For the above shader I would write the following class:

    public class MyEffect
    {
        public MyEffect(Effect effect)
        {
            worldMatrix = effect.Parameters.GetParameterBySemantic("World");
            texture = effect.Parameters.GetParameterBySemantic("Texture");
            specularIntensity = effect.Parameters["specularIntensity"];

            technique1 = effect.Techniques["Technique1"];
        }

        public void Apply()
        {
            technique1.passes[0].Apply();
        }

        #region FieldsAndProperties
        private EffectTechnique technique1;        

        private EffectParameter worldMatrix;
        public Matrix WorldMatrix { set { worldMatrix.SetValue(value); } }

        private EffectParameter texture;
        public Texture2D Texture { set { texture.SetValue(value); } }

        private EffectParameter specularIntensity;
        public Texture2D SpecularIntensity { set { specularIntensity.SetValue(value); } }
        #endregion

    }

Using this code drawing an object would look like this:

MyEffect effect = new MyEffect(Content.Load<Effect>("myEffect"));
//Draw:
effect.World = Matrix.Identity;
effect.SpecularIntensity = 0.5f;
effect.Texture = 56;
effect.Apply();

In my opinion this is a lot more readable and we now get an error while compiling that 56 does not match the type “Texture” also the new wrapper is more of an interface for the effect file. If we change one of the variable names in the effect file, we now only have to make a change at one place in our code base, even if we change the type of a parameter using some logic in the property we might still not have to change all the code. And if we really have to we will get a lot of helpful compiler warnings. We can now also find all references to a specific parameter. However the big downside is that Effect works for all effects (well you still have to remember the parameters and techniques which differ per shader), and this approach requires you to write a class per shader.

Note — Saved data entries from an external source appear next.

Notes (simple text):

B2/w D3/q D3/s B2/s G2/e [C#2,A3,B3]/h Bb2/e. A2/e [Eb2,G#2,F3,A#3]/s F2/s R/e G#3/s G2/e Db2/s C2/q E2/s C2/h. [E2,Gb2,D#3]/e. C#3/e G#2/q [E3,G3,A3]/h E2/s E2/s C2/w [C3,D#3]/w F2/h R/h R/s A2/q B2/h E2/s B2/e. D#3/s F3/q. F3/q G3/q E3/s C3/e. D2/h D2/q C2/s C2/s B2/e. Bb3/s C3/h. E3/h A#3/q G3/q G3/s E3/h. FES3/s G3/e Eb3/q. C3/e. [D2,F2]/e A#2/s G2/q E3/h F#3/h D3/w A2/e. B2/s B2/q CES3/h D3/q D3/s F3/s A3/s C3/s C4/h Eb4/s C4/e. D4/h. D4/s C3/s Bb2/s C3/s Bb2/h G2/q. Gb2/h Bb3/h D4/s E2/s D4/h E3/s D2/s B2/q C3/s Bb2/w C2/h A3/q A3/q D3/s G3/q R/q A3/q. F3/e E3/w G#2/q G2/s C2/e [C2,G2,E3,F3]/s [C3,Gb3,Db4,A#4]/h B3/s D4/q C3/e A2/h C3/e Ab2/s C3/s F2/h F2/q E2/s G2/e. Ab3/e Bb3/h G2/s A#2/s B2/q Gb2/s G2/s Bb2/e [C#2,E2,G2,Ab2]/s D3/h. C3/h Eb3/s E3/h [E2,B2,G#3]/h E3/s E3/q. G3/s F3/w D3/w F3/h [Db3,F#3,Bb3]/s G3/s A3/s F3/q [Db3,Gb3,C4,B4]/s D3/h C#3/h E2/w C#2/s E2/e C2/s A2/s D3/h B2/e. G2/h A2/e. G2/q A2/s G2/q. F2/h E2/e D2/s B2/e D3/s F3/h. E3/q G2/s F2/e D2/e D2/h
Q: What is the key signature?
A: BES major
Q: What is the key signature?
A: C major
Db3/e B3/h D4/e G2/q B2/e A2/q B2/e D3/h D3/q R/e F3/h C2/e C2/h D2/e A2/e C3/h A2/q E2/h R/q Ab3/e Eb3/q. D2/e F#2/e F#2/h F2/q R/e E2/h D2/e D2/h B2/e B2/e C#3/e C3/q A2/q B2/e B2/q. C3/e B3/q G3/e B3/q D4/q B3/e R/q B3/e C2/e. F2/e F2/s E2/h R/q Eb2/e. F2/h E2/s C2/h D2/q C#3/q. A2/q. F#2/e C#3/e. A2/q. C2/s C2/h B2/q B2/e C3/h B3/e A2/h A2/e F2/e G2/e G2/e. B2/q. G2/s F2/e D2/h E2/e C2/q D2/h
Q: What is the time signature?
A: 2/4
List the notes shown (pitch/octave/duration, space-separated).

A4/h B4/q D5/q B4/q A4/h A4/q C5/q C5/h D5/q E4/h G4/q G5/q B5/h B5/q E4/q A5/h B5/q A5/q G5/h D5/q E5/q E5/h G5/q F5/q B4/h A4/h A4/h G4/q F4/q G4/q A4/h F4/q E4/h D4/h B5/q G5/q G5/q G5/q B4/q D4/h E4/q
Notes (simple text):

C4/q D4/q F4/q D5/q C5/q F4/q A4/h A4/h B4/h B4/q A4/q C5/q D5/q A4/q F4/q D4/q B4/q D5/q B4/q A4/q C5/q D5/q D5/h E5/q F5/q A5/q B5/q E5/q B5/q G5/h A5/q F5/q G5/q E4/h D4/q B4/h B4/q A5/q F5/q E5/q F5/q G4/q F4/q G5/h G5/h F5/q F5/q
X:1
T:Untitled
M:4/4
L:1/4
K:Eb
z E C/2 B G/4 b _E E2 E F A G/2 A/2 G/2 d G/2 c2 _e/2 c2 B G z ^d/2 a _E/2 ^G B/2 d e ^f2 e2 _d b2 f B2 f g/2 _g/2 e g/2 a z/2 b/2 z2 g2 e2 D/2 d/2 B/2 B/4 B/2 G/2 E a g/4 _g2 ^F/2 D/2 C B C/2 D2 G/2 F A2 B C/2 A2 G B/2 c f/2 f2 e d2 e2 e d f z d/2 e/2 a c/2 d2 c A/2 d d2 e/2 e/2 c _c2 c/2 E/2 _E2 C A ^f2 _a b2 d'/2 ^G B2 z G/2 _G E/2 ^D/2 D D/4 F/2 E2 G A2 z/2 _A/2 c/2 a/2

Anyway this is my approach, I’d love to know how other people handle this problem, and if you have any comments.

Update 7-2-2011:
After discussing alternative approaches (thanks Flashed!) I would like to give everybody a tip to try an extend this system. How about have a content pipeline project that automatically matches an effect file with an effect wrapper? You can use metadata in the .fx files todo this!